11.    Specific Performance. Each party hereto acknowledges and agrees, on behalf of itself and its Affiliates, that irreparable harm would occur in the event any of the provisions of this Agreement were not performed in accordance with their specific terms or were otherwise breached. It is accordingly agreed that the parties will be entitled to specific relief hereunder, including, without limitation, an injunction or injunctions to prevent and enjoin breaches of the provisions of this Agreement and to enforce specifically the terms and provisions hereof in any state or federal court in the State of Minnesota, in addition to any other remedy to which they may be entitled at law or in equity. Any requirements for the securing or posting of any bond with such remedy are hereby waived.

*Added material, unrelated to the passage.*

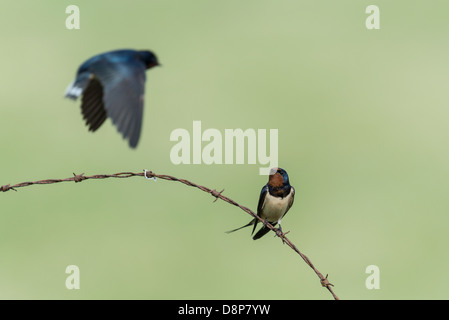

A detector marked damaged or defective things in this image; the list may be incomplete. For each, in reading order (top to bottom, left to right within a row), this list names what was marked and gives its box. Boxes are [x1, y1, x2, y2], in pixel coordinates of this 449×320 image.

rusty wire [0, 170, 338, 300]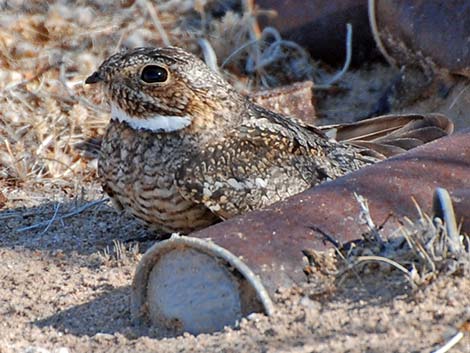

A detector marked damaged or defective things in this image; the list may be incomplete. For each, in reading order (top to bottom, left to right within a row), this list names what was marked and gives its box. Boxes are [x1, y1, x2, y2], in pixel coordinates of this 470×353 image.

12.    Jurisdiction. Each party hereto agrees, on behalf of itself and its Affiliates, that any actions, suits or proceedings arising out of or relating to this Agreement or the transactions contemplated hereby will be brought solely and exclusively in any state or federal court in the State of Minnesota (and the parties agree not to commence any action, suit or proceeding relating thereto except in such courts), and further agrees that service of any process, summons, notice or document by U.S. registered mail to the respective addresses set forth in Section 16 of this Agreement will be effective service of process for any such action, suit or proceeding brought against any party in any such court. Each party, on behalf of itself and its Affiliates, irrevocably and unconditionally waives any objection to the laying of venue of any action, suit or proceeding arising out of this Agreement or the transactions contemplated hereby, in the state or federal courts in the State of Minnesota, and hereby further irrevocably and unconditionally waives and agrees not to plead or claim in any such court that any such action, suit or proceeding brought in any such court has been brought in an improper or inconvenient forum.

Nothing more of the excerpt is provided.